As immigrants and their families continue to grapple with Donald Trump’s intent to end birthright citizenship, one Chinese-American’s 1898 case makes the prospect of such a move not so simple.
Wong Kim Ark, a restaurant cook who was born in San Francisco, was barred from reentering the U.S. after a trip to visit his parents in China. Ark was arrested, and his case eventually made it to the Supreme Court, where judges ruled that under the 14th Amendment, anyone born in the U.S. is automatically a citizen.
Though Trump claimed he could sign an executive order to revoke the current birthright citizenship policy, Ark’s case set a precedent that’s remained the law of the land for more than a century. In fact, the policy could likely only be changed through a constitutional amendment.
“The bigger issue for us as a country is how do we create more pathways to citizenship, not whether we should cut it off,” Aarti Kohli, executive director of Advancing Justice ― Asian Law Caucus, told HuffPost. We have a lot of people who already call America home who should have the opportunity to become citizens.
DEPARTMENT OF JUSTICE/NATIONAL ARCHIVES
Wong Kim Ark, a cook born in San Francisco, was barred from reentering the U.S. after visiting his parents in China.

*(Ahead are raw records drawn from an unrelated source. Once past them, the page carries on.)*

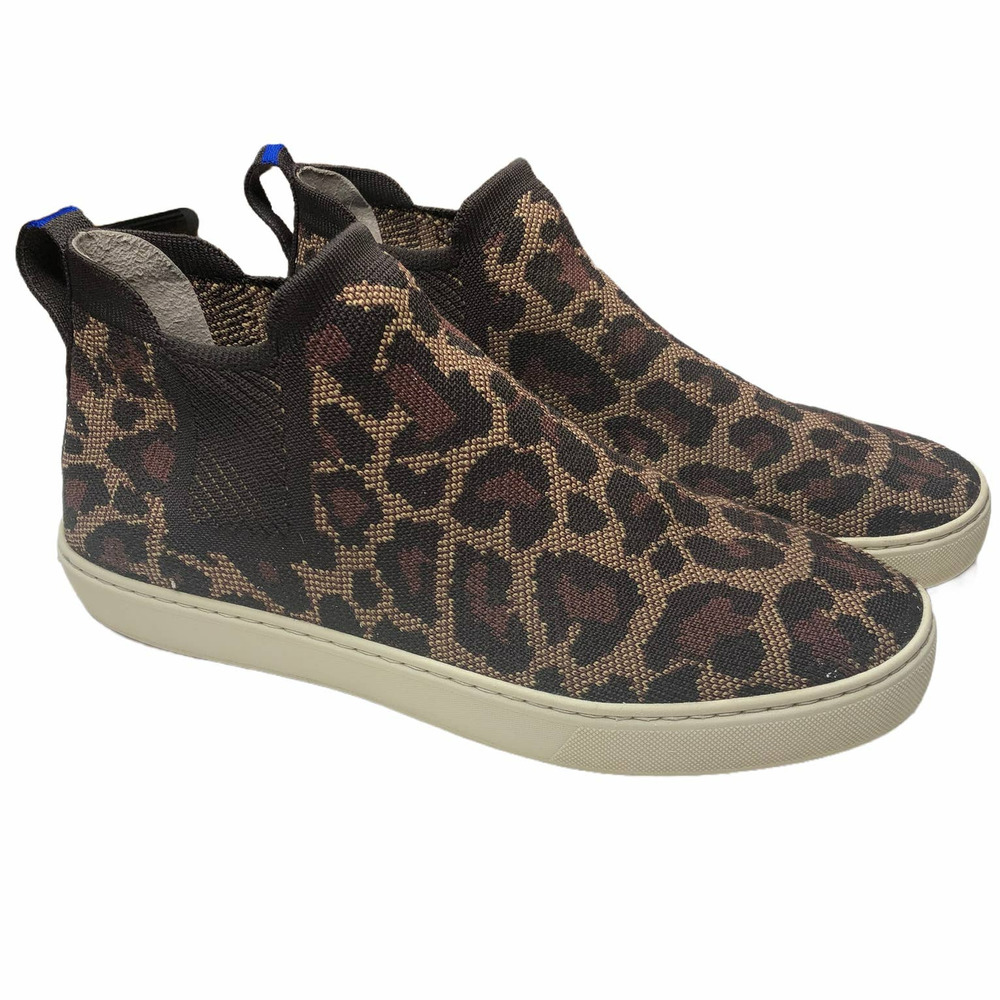 Rothy's Leopard Wildcat Chelsea Sneakers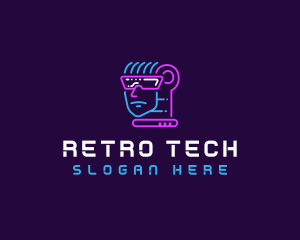 Neon VR Tech logo design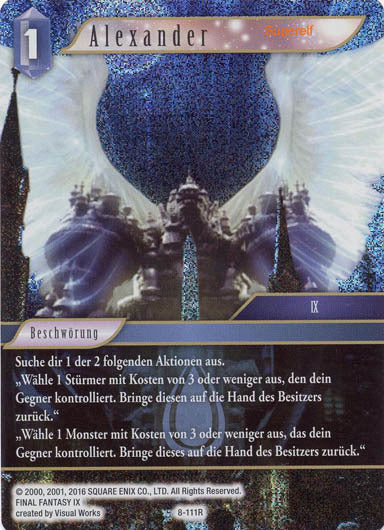 Final Fantasy Opus 8-111 R Alexander Wasser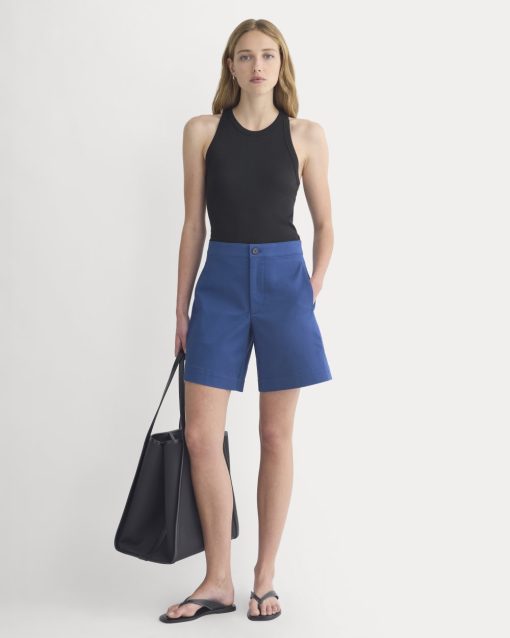 Side-Panel Tailored Short | Estate Blue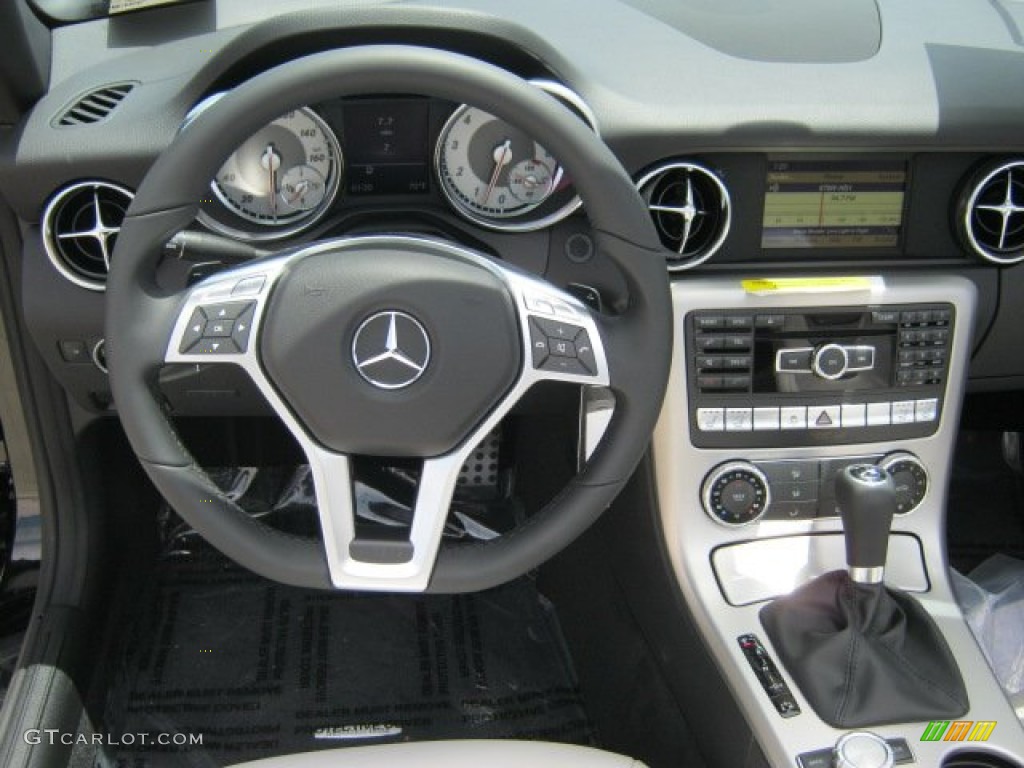 2012 Mercedes-Benz SLK 350 Roadster Ash/Black Dashboard Photo #52032834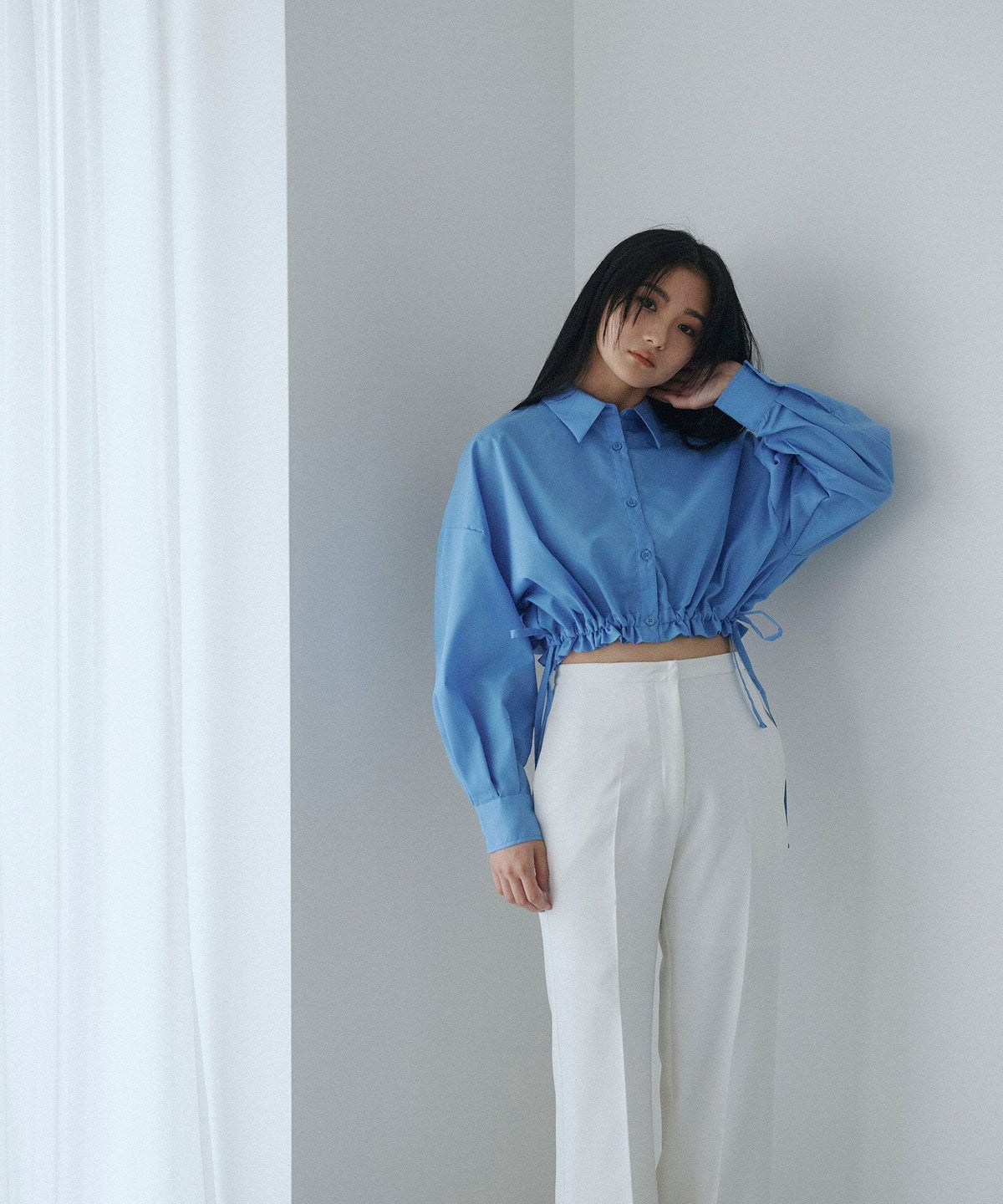 ショート ギャザー シャツ KINO THE KEI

Ark’s parents had arrived in the U.S. from China during a time of fierce anti-Chinese sentiment. The era had birthed the Chinese Exclusion Act, legislation that put a 10-year moratorium on Chinese labor immigration. The act also barred courts from granting Chinese immigrants citizenship.
Ark’s parents came to the country seeking U.S. citizenship but eventually left after the act had cut off any pathway to citizenship status. They had also feared the vigilante violence that often targeted Chinese immigrants at the time. In fact, the largest lynching in American history occurred in 1871. Hundreds had descended upon Los Angeles’ Chinatown, and the mob lynched an estimated 17 to 20 Chinese immigrants.

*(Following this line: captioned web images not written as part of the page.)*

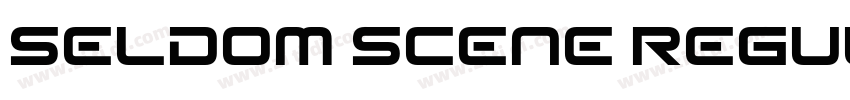 Seldom Scene Regular字体转换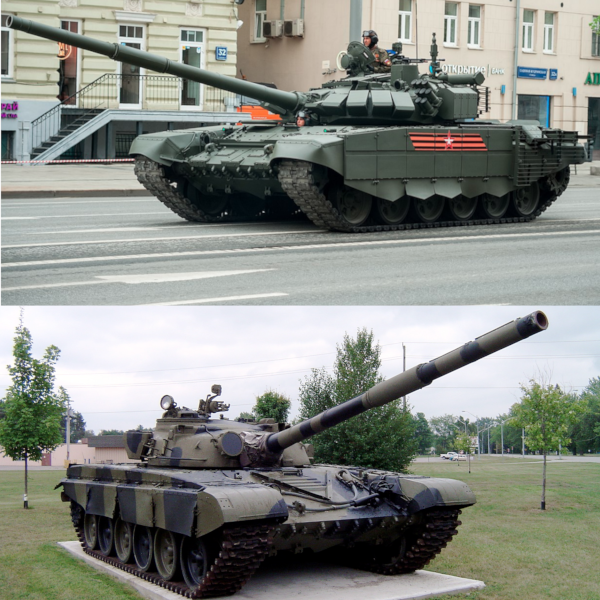 Klocki Czołg Rosyjski 2w1 T-72B3 T-72M1 Wojsko Tomdorix
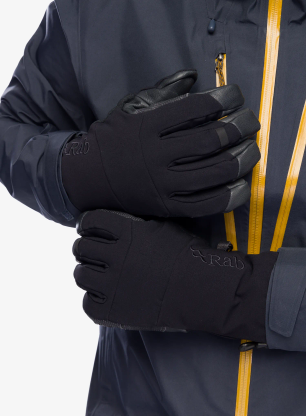 Рукавиці softshell Rab Baltoro Glove - black
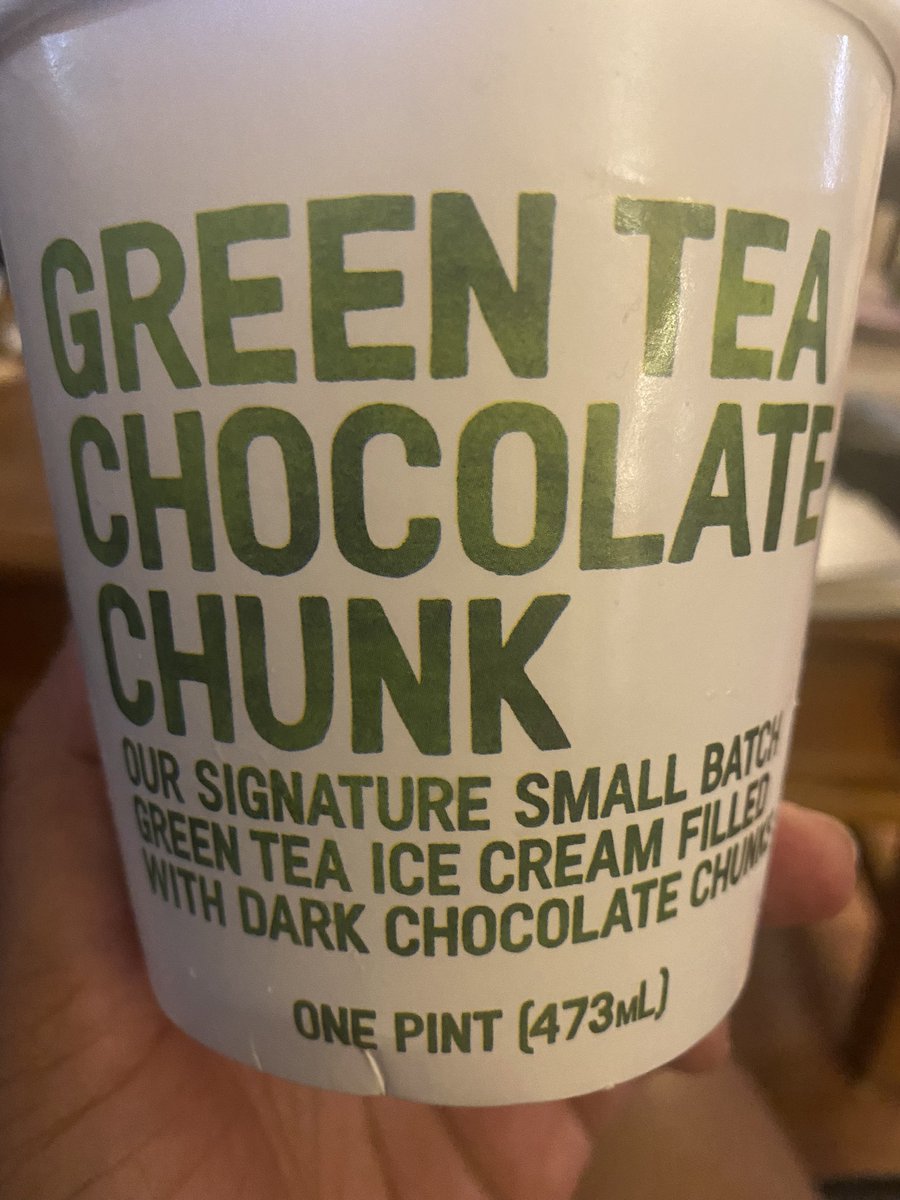 thank u for your services i just ate the entire pint and i regret nothing <a href="/Mrgreen_tea/">Mr. Green Tea</a> 💚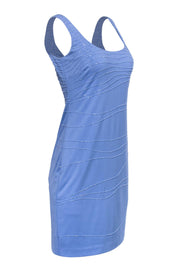Current Boutique-David Meister - Periwinkle Sleeveless Fitted Dress w/ Beading Sz 6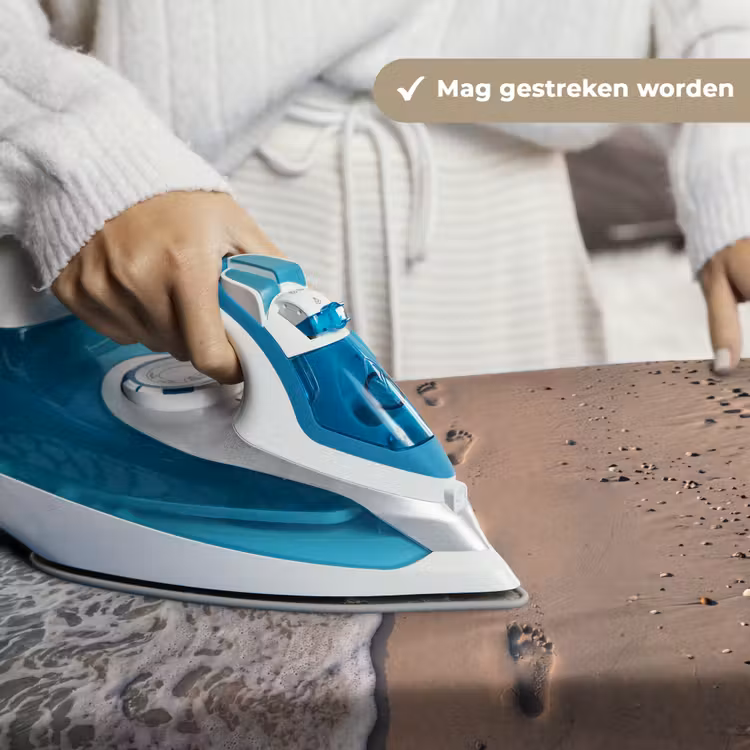 Voetstappen - Vloedlijn - Zee Wandkleed katoen klein -sfeer9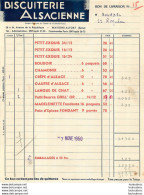 FACTURE 1950 BISCUITERIE  ALSACIENNE MAISONS ALFORT - 1950 - ...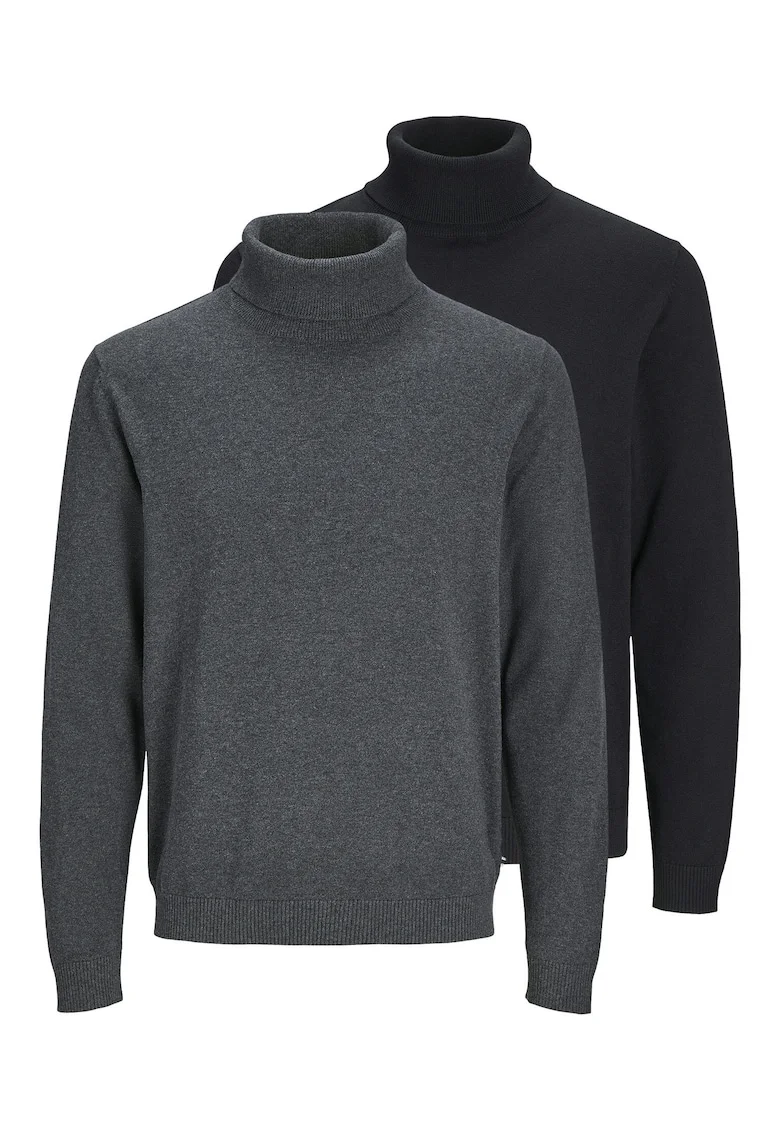 Set 2 barbati, Jack Jones, negru gri, 100% bumbac organic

But Ark himself had a life in the United States, and, though he had traveled to China before and had been readmitted into the U.S. without any issues, his 1895 trip presented a host of problems. Authorities ordered the Chinese-American to return to the ship.
Chinese immigrant aid organization Six Companies stepped in to provide Wong legal help. Wong’s lawyer, Thomas D. Riordan, argued that the cook’s reentry into the U.S. was protected under the 14th Amendment. As the case escalated to federal court, immigration hard-liners fought back, claiming Ark’s “accident of birth” didn’t mean citizenship.
In the end, the U.S. Supreme Court ruled in favor of Ark.
“If the Trump administration issued an executive order, it would be immediately challenged in the courts, and judges would likely rely on Wong Kim Ark to find the executive order unconstitutional,” Kohli said.
Many conservatives and even officials appointed by Trump himself disagree with the president’s stance on birthright citizenship.
“The plain meaning of this language is clear,” James Ho, whom Trump appointed as a federal appeals court judge, wrote in 2011 of the 14th Amendment.
Ho, then a solicitor general of Texas, wrote that “a foreign national living in the United States is ‘subject to the jurisdiction thereof’ because he is legally required to obey US law.”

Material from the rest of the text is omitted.